## PROVIDED INFORMATION:
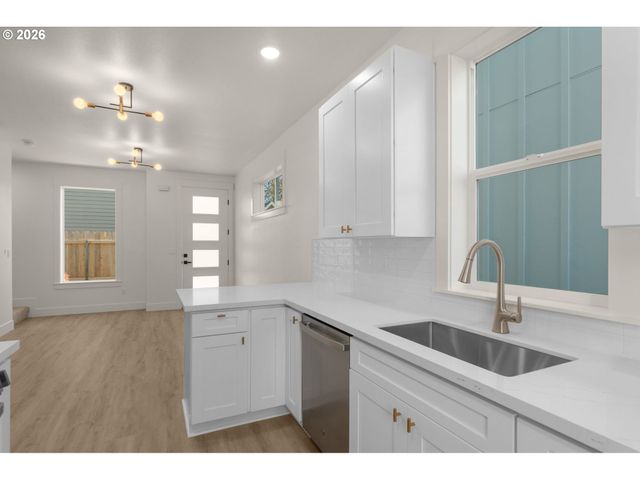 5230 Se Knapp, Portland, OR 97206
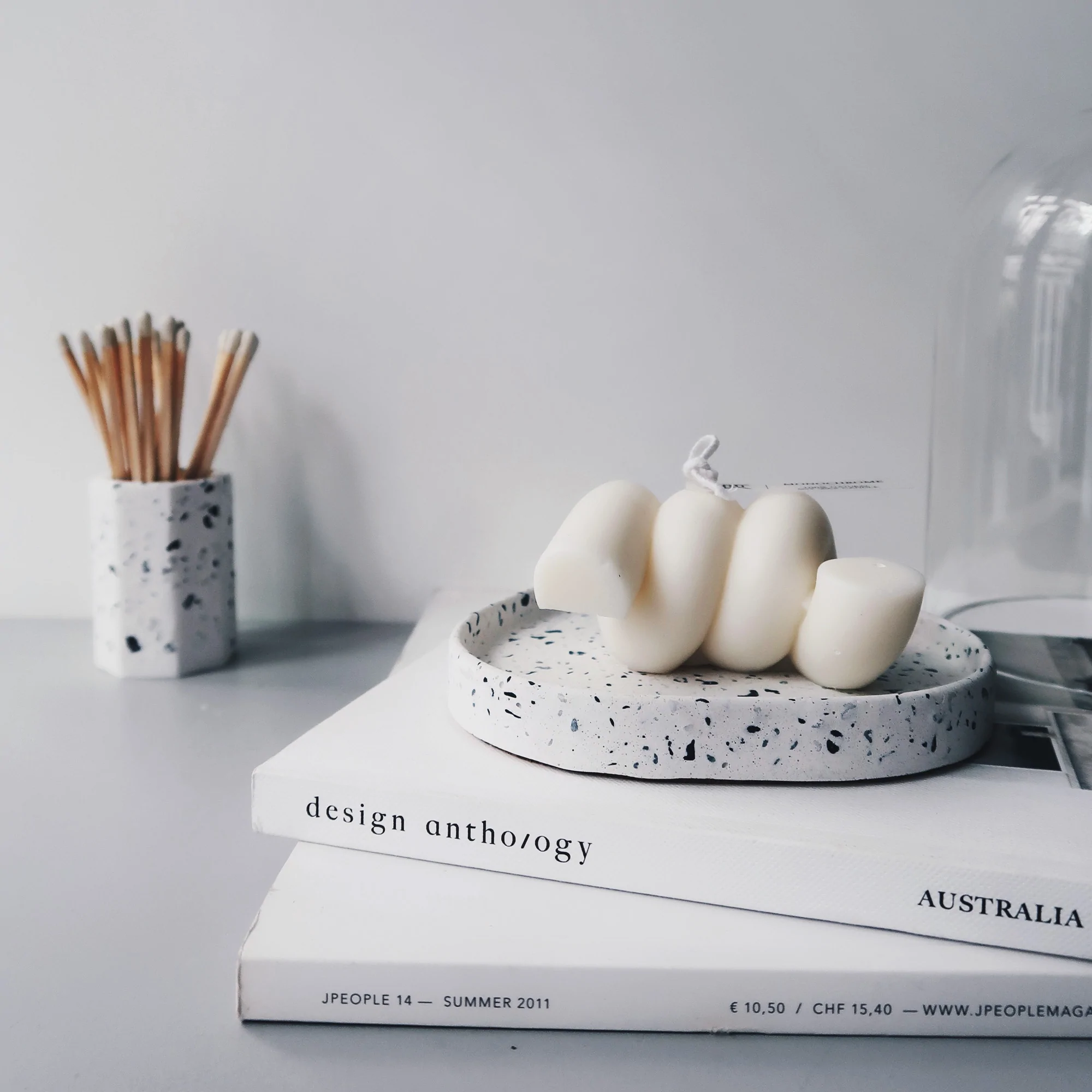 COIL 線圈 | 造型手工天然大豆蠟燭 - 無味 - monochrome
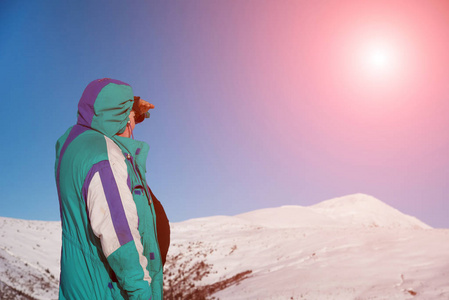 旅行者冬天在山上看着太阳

...

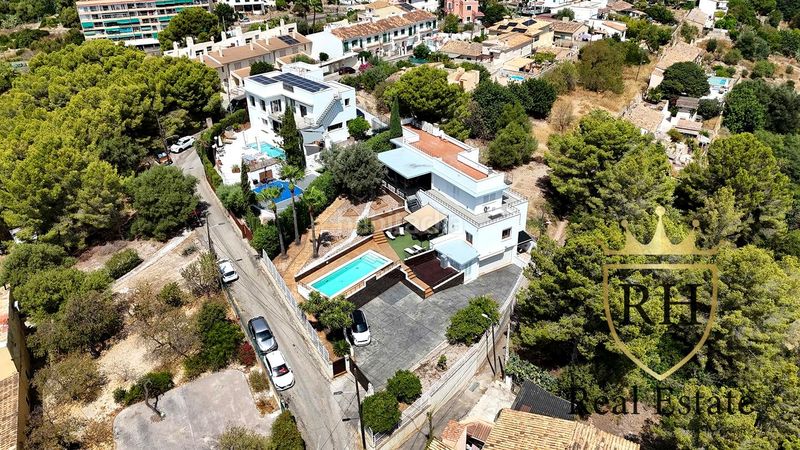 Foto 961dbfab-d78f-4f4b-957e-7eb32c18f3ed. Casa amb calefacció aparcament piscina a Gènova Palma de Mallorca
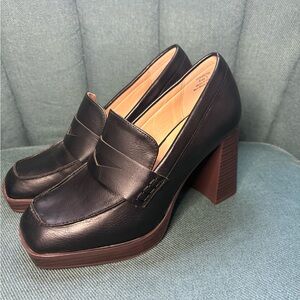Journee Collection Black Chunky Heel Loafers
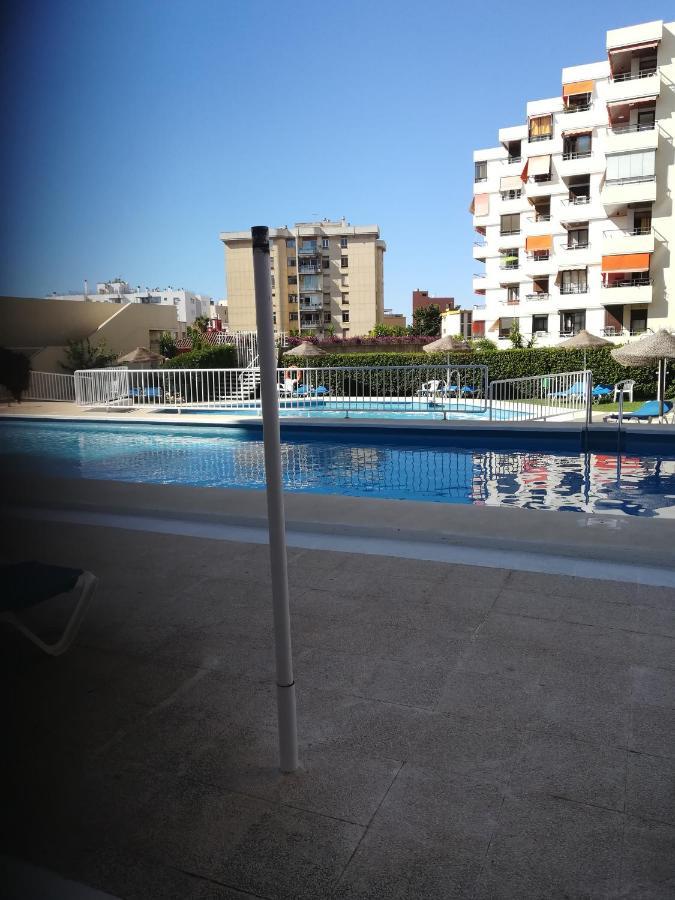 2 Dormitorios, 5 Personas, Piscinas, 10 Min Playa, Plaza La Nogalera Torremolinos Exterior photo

## THE PROBLEM:
Although the records above contain pictures, the copy must not; set down exactly the lines from the one with "Journee Collection Black Chunky Heel Loafers" up to and including the one with "2 Dormitorios, 5".

## RESULT OF THIS TASK:
Journee Collection Black Chunky Heel Loafers
 2 Dormitorios, 5 Personas, Piscinas, 10 Min Playa, Plaza La Nogalera Torremolinos Exterior photo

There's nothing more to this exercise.